TorchLean API

Docs Home Guide Examples Graphs

NN.Runtime.Autograd.Engine.Cuda.Float32Contract

CUDA float32 contract #

TorchLean's CUDA eager backend stores native float values in an opaque FFI buffer. Lean cannot look inside CUDA kernels, C casts, libdevice calls, or cuBLAS, so the native backend is necessarily a trusted/validated implementation boundary.

This module keeps that boundary precise:

IEEE32Exec is the executable, bit-level reference model for scalar binary32.
host Float inputs enter the float32 world through IEEE32Exec.ofFloat, matching the intended "round binary64 host literals to binary32" contract;
external/native CUDA scalar results are represented only by their raw 32-bit result bits;
if those native bits agree with the IEEE32Exec reference op, then the existing proved IEEE32Exec → FP32-on-ℝ theorems apply immediately.

In other words, the proof stack is:

native CUDA bits --(explicit agreement assumption / tests / toolchain contract)--> IEEE32Exec --(proved in Lean)--> FP32 rounding-on-ℝ error bounds.

What is not proved here:

that a particular compiled CUDA kernel, C compiler, device, libdevice implementation, or cuBLAS version produces the reference bits;
deterministic ordering for atomic reductions unless the backend uses a fixed reduction tree;
correct-rounding for transcendental functions that IEEE-754 itself does not specify.

Those are runtime/toolchain assumptions, and the CUDA stress tests are intended to validate them against this reference contract.

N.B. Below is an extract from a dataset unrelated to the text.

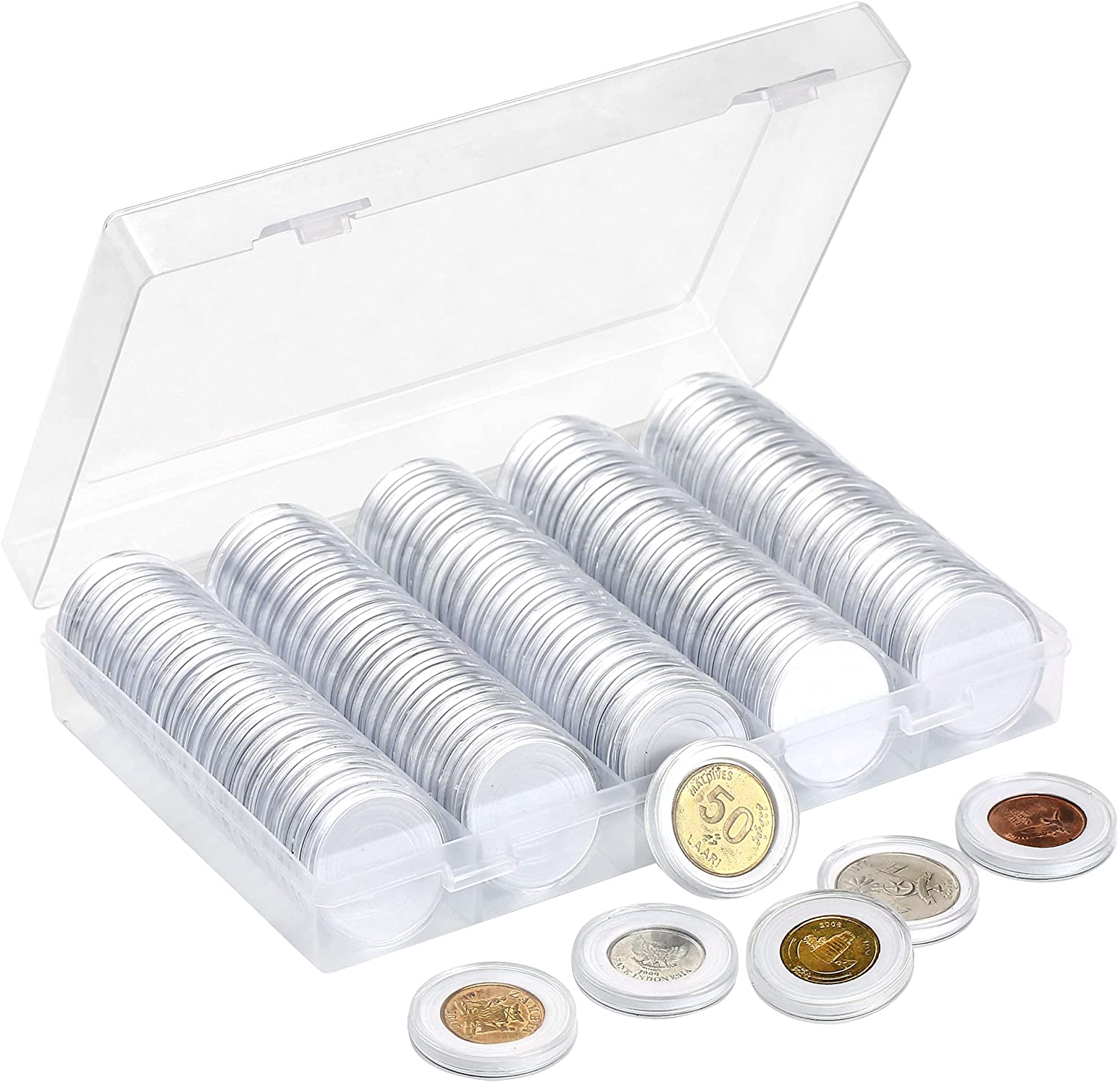 Milue Plastic Coin Capsule Holder Collection Storage Case PENNY DIMES NICKELS QUARTERS 30mm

Reference scalar and host conversion #

@[reducible, inline]

abbrev Runtime.Autograd.Cuda.Float32Contract.RefScalar :

The scalar reference for CUDA float32 reasoning.

CUDA buffers are opaque to Lean; this is the scalar model we compare their 32-bit elements against.

Instances For

@[inline]

def Runtime.Autograd.Cuda.Float32Contract.fromNativeBits (bits : UInt32) :

Interpret raw native binary32 bits as the IEEE32Exec reference scalar.

Instances For

@[inline]

def Runtime.Autograd.Cuda.Float32Contract.toNativeBits (x : RefScalar) :

Extract the binary32 bit pattern used for native/reference comparisons.

Instances For

@[inline]

def Runtime.Autograd.Cuda.Float32Contract.fromLeanFloat (x : Float) :

Reference meaning of uploading a Lean Float into a CUDA float32 buffer.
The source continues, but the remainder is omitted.